Il y a exactement une semaine, un décret publié au Journal Officiel annonçait la finalisation de la vente de droits d’exploitation pour les 14 aéroports régionaux grecs au consortium allemand Fraport-Slentel. Des points juridiques et techniques sont encore à régler, mais l’accord sera définitif « au cours des semaines à venir ». Des privatisations, il y en avait déjà eu, comme celle du site de l’ancien aéroport d’Athènes, Hellenikon, ou celle de la société de jeux, l’OPAP, cédée à un consortium gréco-tchèque. Mais celle-ci est la première effective du gouvernement Tsipras qui y était formellement, apriori, opposé, et – paradoxalement ? – la plus importante depuis 2010 et le début de la crise en Grèce… L’Allemagne ne sera pas le seul vautour.

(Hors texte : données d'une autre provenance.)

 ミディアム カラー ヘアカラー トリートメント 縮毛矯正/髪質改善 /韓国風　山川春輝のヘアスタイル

Des aéroports prometteurs pour quelques dizaines de millions d’euros l’unité…
Sont concernés des aéroports très touristiques tels que ceux des îles de Mykonos, Rhodes, Santorin, Corfou, Kos, Skiathos, Samos, Zakynthos, Cephalonie… Mais aussi des aéroports de Thessalonique, Kavala, Mytilène, Aktio et Chania en Crète.
Le tandem germano-grec devrait investir environ 330 millions d’euros sur quatre ans dans la modernisation de ces aéroports, dans le cadre d’une concession de 40 ans, en plus d’un loyer de 22,9 millions d’euros payés à l’État grec chaque année.

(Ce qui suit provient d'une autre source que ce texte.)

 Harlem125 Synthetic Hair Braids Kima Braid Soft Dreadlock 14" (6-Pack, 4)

Syriza n’a pas sauvé la Grèce
Certes, l’appel d’offres remonte au gouvernement précédent. Il avait d’ailleurs été gelé sitôt l’élection en janvier dernier du premier ministre Alexis Tsipras, fermement opposé à ce gigantesque programme de privatisation forcé. Aujourd’hui, il se retrouve pourtant approuvé, mis en œuvre par ce même gouvernement de coalition de gauche radicale qui n’a pas su résister à l’imposition du troisième plan d’aide à la Grèce, approuvé par le Parlement le 15 août dernier.

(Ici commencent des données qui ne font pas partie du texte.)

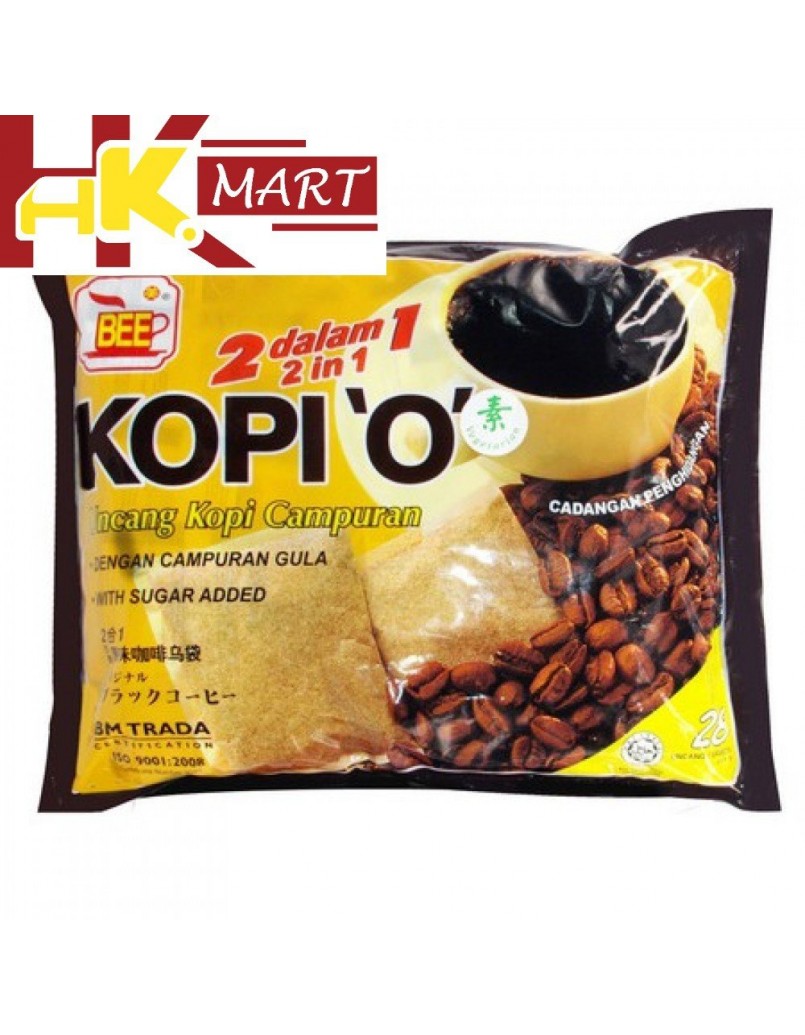 BEE KOPI-O 2IN1 (WITH SUGAR-YELLOW) 25 X26G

Syriza avait tant bien que mal promis de réexaminer les termes de l’appel d’offres. Mais l’accord final ne comporte décidément aucune modification significative… Depuis début juillet et l’acceptation par Tsipras des propositions de l’Eurogroup, on parle de « capitulation », de « trahison ». Ce décret du 18 août en a été la preuve pour beaucoup : victime de son oui à l’Euro en dépit de la réponse populaire qu’il avait lui-même sollicité, le premier ministre grec a d’ailleurs annoncé sa démission deux jours plus tard…
Privatisations : l’Allemagne à l’affût ? Parmi d’autres…
« Les privatisations bénéficieront à l’économie grecque et au peuple », ont assuré les ministres et le principal parti d’opposition Nouvelle Démocratie (ND). Création d’emplois, vivier de développement…
Elles entrent surtout dans le grand projet européen et par-delà mondial d’asservissement des États par leur économie. Selon le protocole établi avec ses créanciers internationaux, c’est à toute une série de privatisations que la Grèce va devoir procéder : ses aéroports régionaux, mais aussi ses ports, l’opérateur de son réseau électrique, sa compagnie de chemin de fer, son gestionnaire du réseau ferré… Son objectif imposé est d’engranger 50 milliards d’euros – 25 milliards pour restructurer les banques, 25 autres au service de la dette et aux investissements. C’est la contrepartie des 86 milliards d’euros de sauvetage décidés et nouvellement promis cet été.
La grande vente – grande braderie ? – d’actifs publics grecs devrait se poursuivre jusqu’en 2025. Et il n’y aura pas que l’Allemagne à se mettre sur les rangs.
L’Eurogroupe a évité tout « Grexit » pour garder la main sur le pays et la renforce même via ces accords successifs. Le grignotage méthodique qui commence n’est que la suite logique d’une politique d’endettement progressif : la Grèce entrée, à force de promesses et de mirages, dans la zone euro, n’a plus qu’à tendre ses poignets. La politique d’austérité est la politique des puissants – des riches.